Challenge: Can Communication Design Elevate Healthcare?
A remarkable 38.4% of people in the U.S. will be diagnosed with cancer at some point during their lifetimes (Cancer.gov, May 2018), and nearly 66% of U.S. cancer patients will receive radiation therapy (American Society for Radiation Oncology, 2015 Legislative Priorities Brief). External Beam Radiation Therapy (EBRT) is one of the most frequently used radiation treatments, yet the process is opaque and complex. Providing understandable educational material to help anxious patients and caregivers navigate the process is vital; current patient education material is voluminous and overwhelming. Typically written at a 12th grade reading level, with occasional stock photographs, explanation of the treatment is handed to patients in their first meeting with their doctor, a point of high emotional stress.
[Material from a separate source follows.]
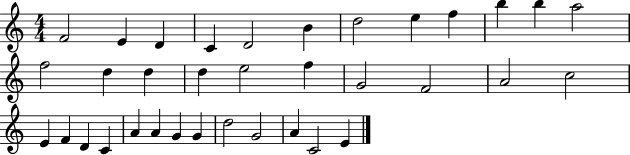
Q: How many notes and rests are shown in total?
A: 35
In a communication design project funded by UChicago Medicine’s Bucksbaum Institute for Clinical Excellence, an IIT Institute of Design (ID) student team partnered with Dr. Daniel Golden of UChicago Medicine to explore how visual narratives could better educate patients about radiation therapy.
- By surveying existing visual narrative styles, along with theoretical teachings from Scott McCloud, a renowned comic theorist, the team explored visual narratives, more popularly known as ‘graphic novels’ or ‘comics’, as legitimate emerging media for serious topics, in healthcare, mental illness, death, abortion, abuse, and cancer survivorship. The class learned that graphic storytelling is its own visual language that can be leveraged to display concepts such as time passage, transitions, simultaneity and projection.
- They also researched how, as healthcare delivery adopts patient-focused care, principles for public-facing communication have emerged. However, many guidelines are focused on primarily text-based materials.
- The team interviewed 26 stakeholders: patients/caregivers and medical and non-medical staff. They analyzed audio files and transcripts, extracted insights, distilled them into design principles, ultimately creating a goal-oriented framework that streamlined the process and ensured that decisions for content representation were sound and principle-driven.
Research yielded design principles reflected in the design of a multicolor illustration-based discussion guide prototype. In easy-to-follow framing using 5th grade reading level language and simple graphic narrative-style illustrations, the team’s prototype distills what had been dozens of loose pages into one two-sided takeaway document designed to support clear communication and expectation-setting between doctor and patient.
Dr. Golden is now testing the prototype with patients. He will present “COMMUNICATING THE EXTERNAL BEAM RADIATION EXPERIENCE (CEBRE): A NOVEL GRAPHIC NARRATIVE PATIENT EDUCATION TOOL” (for which the ID students are listed as co-authors) to fellow radiologists at two North American forums this year in order to disseminate the approach, receive feedback for future iterations, and instantiate it as standard practice.
Patients have reported that the tool has made a stressful interaction easier, helps them to understand how external beam radiation works, and sets expectations for the process.
In 2018, an estimated 1,735,350 new cases of cancer will be diagnosed in the U.S. (Cancer.gov, May 2018). Given that external beam radiation is one of the most common treatments, this communication design work could improve the experience of hundreds of thousands of cancer patients annually.